**DATA SECTION**.
↓↓↓

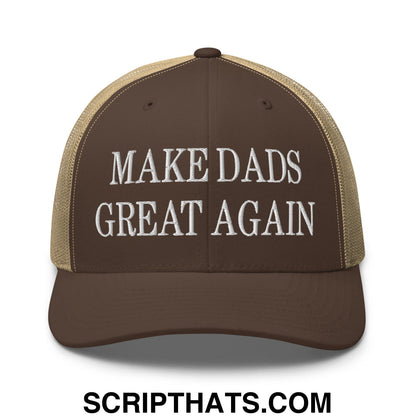 Make Dads Great Again Embroidered Mesh Trucker Hat Brown Khaki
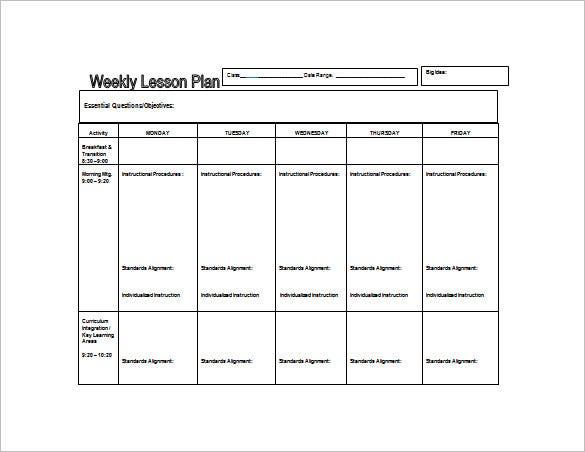 Detail Weekly Lesson Plan Template Doc Nomer 3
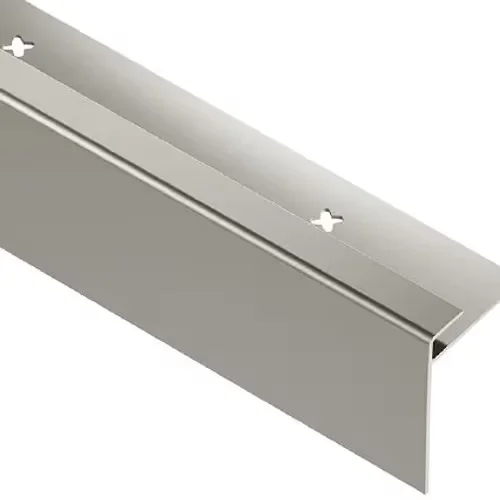 Schluter - VINPRO-STEP-R Resilient Surface Stair-Nosing Profile with Elongated Reveal Aluminum Anodized Brushed Nickel 3/16" (5 mm) x 8' 2-1/2"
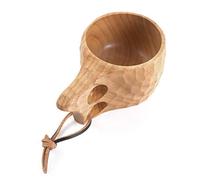 HoneybeeLY Nordic Style Handcrafted Kuksa Backpack Wooden Mug Cup with Lanyard for Camping Hiking Survival Teacup Bushcraft 200ML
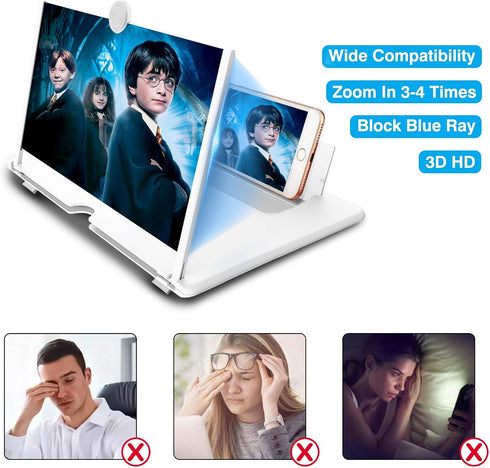 14 Inch Phone Screen Magnifier, HD Mobile Phone Screen Amplifier Pulling-Out Movie Video Enlarger Eye Protection with Foldable Stand Holder for Al...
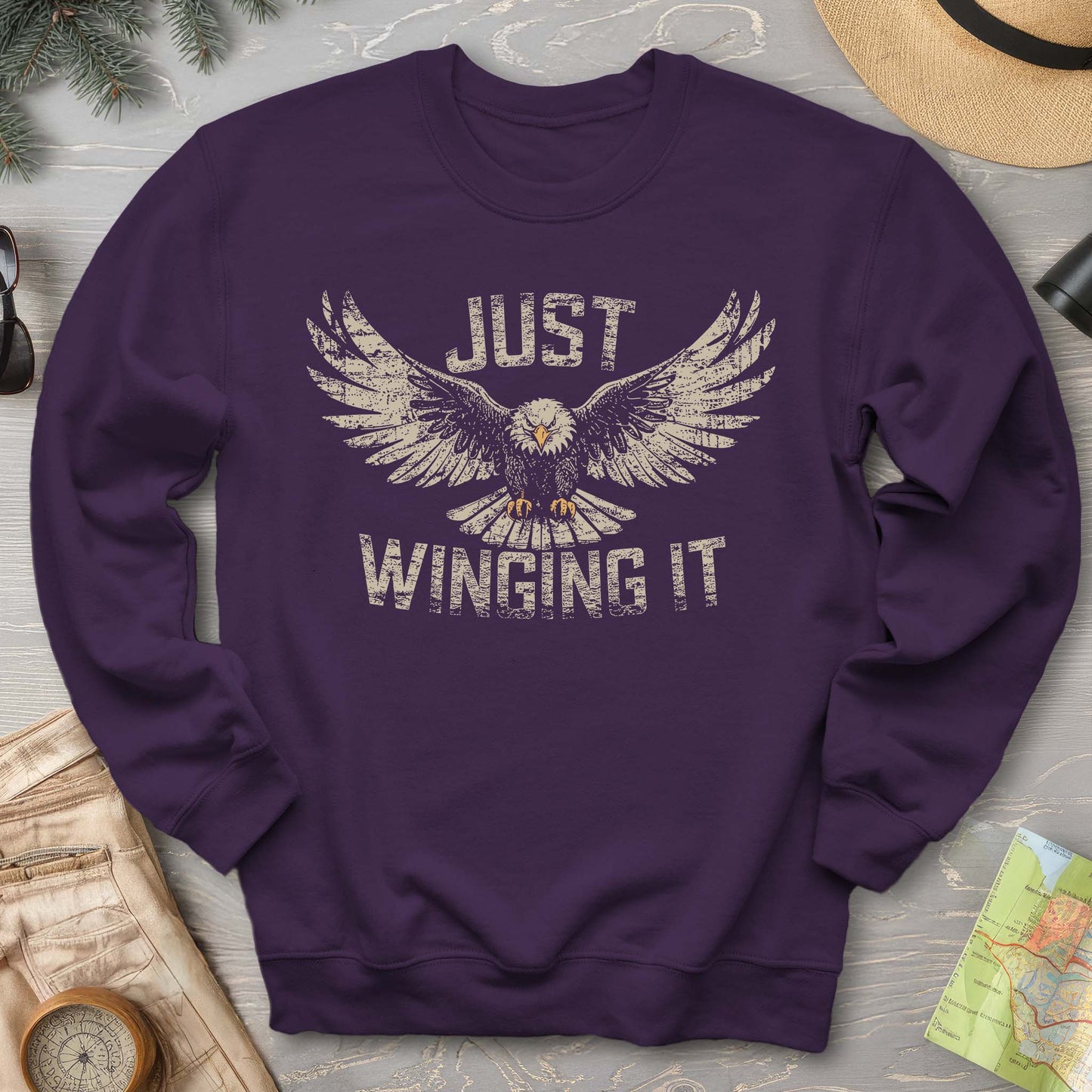 Just Winging It Distressed Sweatshirt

↑↑↑

**WHAT IS EXPECTED**.
All lines from the beginning of the entries above to the line containing "HoneybeeLY Nordic Style", inclusive, should be printed exactly, apart from the pictures.

**ANSWER TO THIS TASK**.
 Make Dads Great Again Embroidered Mesh Trucker Hat Brown Khaki
 Detail Weekly Lesson Plan Template Doc Nomer 3
 Schluter - VINPRO-STEP-R Resilient Surface Stair-Nosing Profile with Elongated Reveal Aluminum Anodized Brushed Nickel 3/16" (5 mm) x 8' 2-1/2"
 HoneybeeLY Nordic Style Handcrafted Kuksa Backpack Wooden Mug Cup with Lanyard for Camping Hiking Survival Teacup Bushcraft 200ML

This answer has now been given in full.